Original paper from 2014, by Austin T. Clements, M. Frans Kaashoek, and Nickolai Zeldovich: https://pdos.csail.mit.edu/papers/radixvm%3Aeurosys13-2014-08-05.pdf
This paper aims to address the problem of multithreaded applications on many-core processors being bottlenecked by contended locks inside the operating system’s virtual memory system. It presents a new virtual memory design and implementation in RadixVM, a system that enables concurrent operations on shared memory address spaces for multithreaded processes on cache-coherent multicore computers.
The main idea presented by the authors is that RadixVM can ensure that address spaces operations (nmap, and munmap) happening on non-overlapping regions of the memory can scale perfectly, by making them run in parallel instead of serializing it as most Operating Systems do.

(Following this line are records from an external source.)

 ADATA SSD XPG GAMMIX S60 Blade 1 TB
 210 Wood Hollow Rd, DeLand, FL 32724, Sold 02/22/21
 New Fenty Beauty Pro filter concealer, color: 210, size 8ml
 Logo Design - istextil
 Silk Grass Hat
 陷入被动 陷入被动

To achieve this goal, three techniques are combined on its design: a different data structure for organizing metadata and the space address mapping named Radix tree, a memory-efficient reference counting scheme, and a TLB shootdown scheme that limits the number of cores that must be contacted to perform a TLB shootdown (the operation that happens when a thread removes a region from its address space).

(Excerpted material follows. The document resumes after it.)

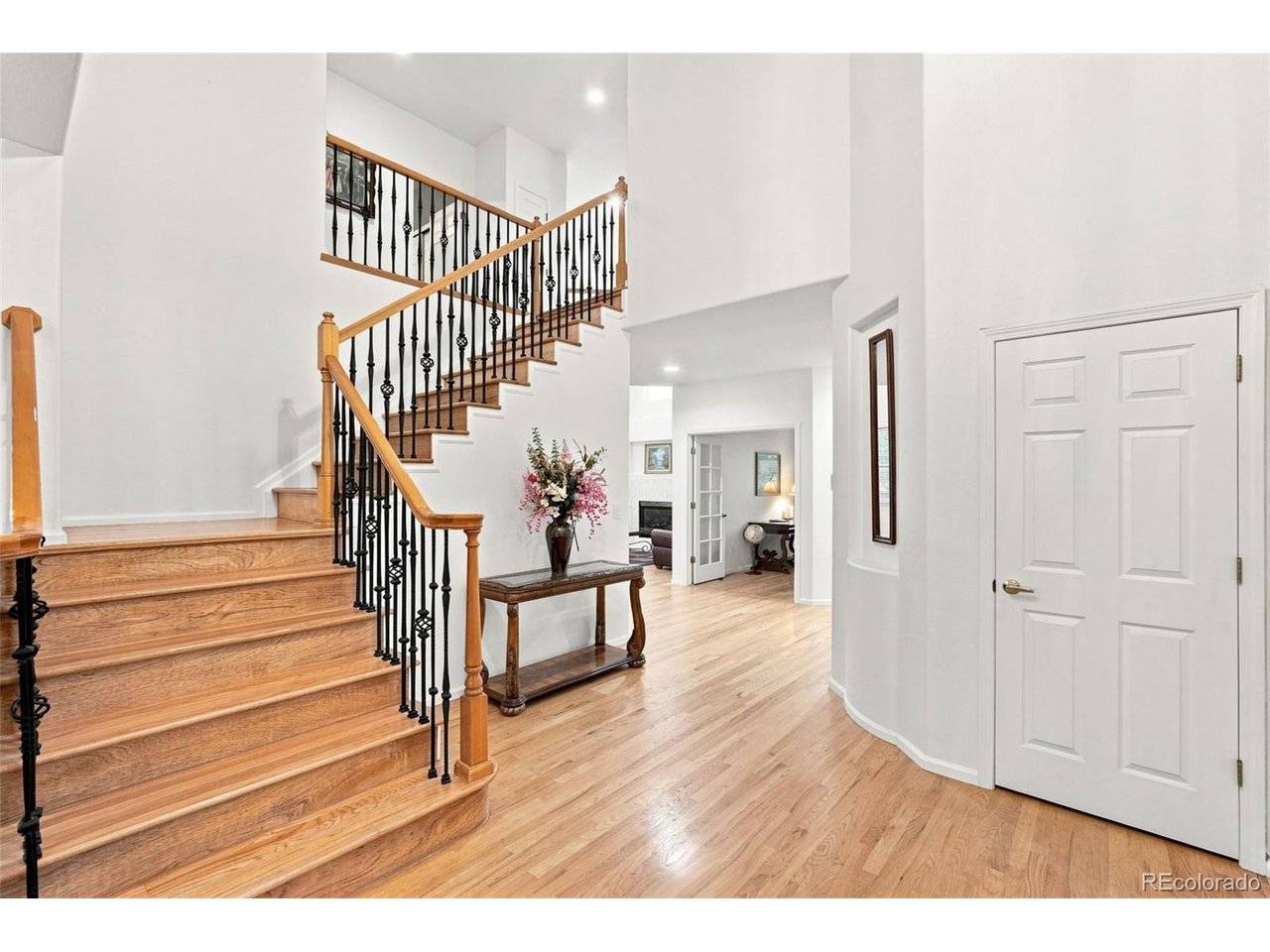 10574 Jaguar, Lone Tree, CO 80124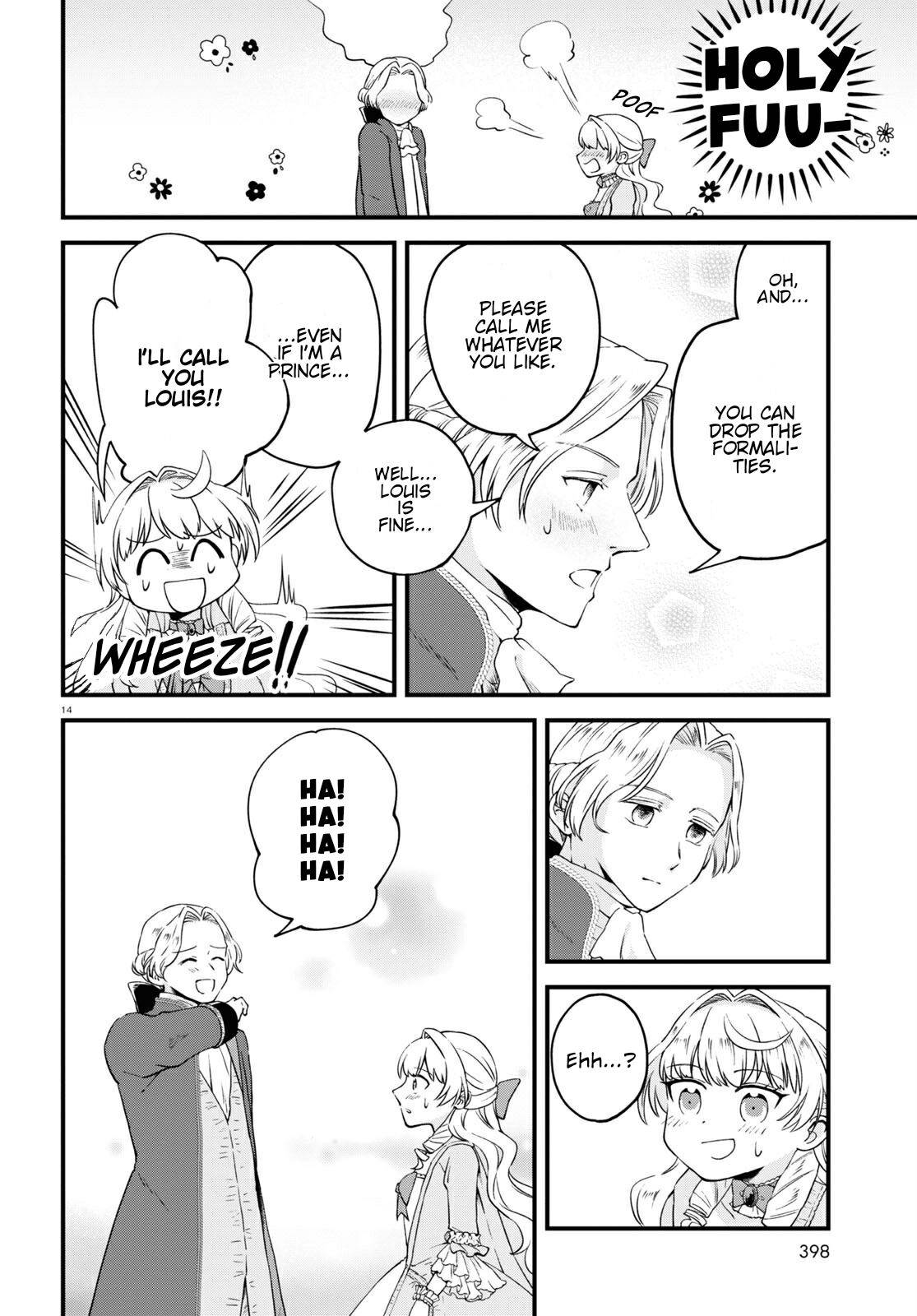 Page 15 of Chapter 7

To evaluate RadixVM, the authors compared RadixVM virtual memory performance against Linux and Linux with Bonsai running multiple page write operations per second. The benchmarks results presented demonstrate that RadixVM achieves its goal of allowing operations on non-overlapping regions to scale with the number of cores, highlighting some exceptions where the system outperformed such as the pipeline microbenchmark.

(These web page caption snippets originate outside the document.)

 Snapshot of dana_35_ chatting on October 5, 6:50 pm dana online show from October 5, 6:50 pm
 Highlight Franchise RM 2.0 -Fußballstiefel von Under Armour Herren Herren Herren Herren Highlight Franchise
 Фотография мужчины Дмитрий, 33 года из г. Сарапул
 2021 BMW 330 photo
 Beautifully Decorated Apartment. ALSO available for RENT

There are attractive related works that the authors took into consideration when designing the main aspects of RadixVM design. The scalable reference counter scheme for example inherits many ideas from sloppy counters, SNZI (scalable nonzero indicators), shared vs. local counts in Modula 2, and other techniques to increment and decrement using per-core counters using delays and batches for zero detection.
Some techniques to reduce the per-core page table overhead were not implemented, such as discarding the page table memory. This caused a sense of curiosity on why some of these presented ideas were not implemented by the authors. RadixVM is well detailed and the main design aspects of its implementations are very well described in the paper, which validates the paper contributions even more.